I found out later of course there was more than met the eye, there was discord in the Valley of Paradise, etc. but still it's a wonderful memory. I was really looking forward to experiencing this place again and seeing this house, even though now Gloria's sister and her husband live there and many of her siblings are dead. But I did want to re-meet the living siblings and some of their kids.
Early this morning, however, I received an email from Gloria that her brother John had died suddenly. He had not been too well but they had spoken the night before and he was preparing food for her arrival. Gloria is of course in shock and beyond sad. The whole family is gathering for a wedding and now there is a funeral. It's not an indie film from the UK, though, so it's just sad.
While the grieving is of course for the direct family, so I feel idiotic even telling you about my sadness in this matter, it does exist. Because this was another remnant of a very scattered past that I had hoped to briefly in some way reclaim. This is, however, obviously not the time or place. And the fact that - as with so many people - they have drifted away or were tangential to my life - makes me feel even less tethered to the earth than usual.
Then there is also the realization - again - of my own mortality. How short life begins to feel in these moments and how scared I am that I will not finish the work I think I am supposed to do while I am here. Because this comes in the context of writing about my grandmothers and their deaths, it seems a bit like a pile on.
On the most selfish level, I'm not ready to die is basically what it comes down to, and my mentor who was a friend of the family's but so much more than that, died when he was 51 and writing about his family and teaching at Fordham - where I teach now. This confluence of similarities freaks me out. On the other hand, I seem to be relatively healthy and stopped certain self-destructive tendencies many years ago.
However, speaking of the book, I will be visiting my father's cousin and grandmother Dick's favorite niece, Sharon, in Connecticut on Monday. I will be meeting her in New London, which was the scene of some of the worst events of my childhood - which had nothing to do with her - then going to her family's place in Mystic, and staying in their summer cottage for the night. I may have met Sharon when I was a baby, but we've never met as adults. This is very exciting for both of us, because we both have lots of gaps in our knowledge of 'Dickie' that I hope we can both help each other fill in some of those holes.
Crucially, she knew her Aunt Dickie in a different way than I did, and I am hungry for another point of view of Dick and her parents, her sister (Sharon's mother) and brothers. Also another POV of my father. It should be quite illuminating.
This past week, I have been writing The Book - mostly by hand in composition books - the only way I can draft it - indicating where primary sources and photos should appear. It's scary. It's exciting. I re-read the 163 pages already written and/or transcribed and it doesn't all suck, which is a relief, but now I'm writing after having done all the systematic research. There are some issues of voice and structure that remain unresolved but realizing I can only figure it out by writing a crappy draft and then dealing with it.

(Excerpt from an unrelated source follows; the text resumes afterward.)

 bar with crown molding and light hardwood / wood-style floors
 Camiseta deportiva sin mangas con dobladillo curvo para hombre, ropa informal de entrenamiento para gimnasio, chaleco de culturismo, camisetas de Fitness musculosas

Today, however, I was rattled by the death of Gloria's brother plus the disturbing sound of an alarm that kept going off inside our building from 430am onward, near our door. It is basically a car alarm - but located inside and sometimes just goes off For No Reason. Just a weird-ass day is what I'm saying...
Sometimes, it's just best to say hooray, today I am alive and that is good.
There is an odd shame that comes with mortality, like it connotes a failure on our part. Probably a modern first-world problem. We should be able to do something about it, right? Well, no, wrong. Apparently not. This is the deal and always has been since the moment we were born. Just feeling more real than usual these days.
So for this event, I will say a prayer & a blessing for Gloria and her family that they find some solace in the fact they are all together in this sad time. I hope her niece can still get married, too. That there is a way to have both the grief and the joy. This is the solace of aging - realizing it is both.
I remember writing Gloria's mother a condolence card when her husband - Gloria's father - Frank, died. I drew it myself and attempted to draw a silver-lining around a cloud. I was young then. Death seemed very far away. It doesn't now. I now have to balance a sense of gratitude for being alive with a kind of shame at having not Become All That I Should Have Become etc...on the other hand: I'm still here and have found love in this life, even if at a later date. And that really should be enough. And in the end, it is.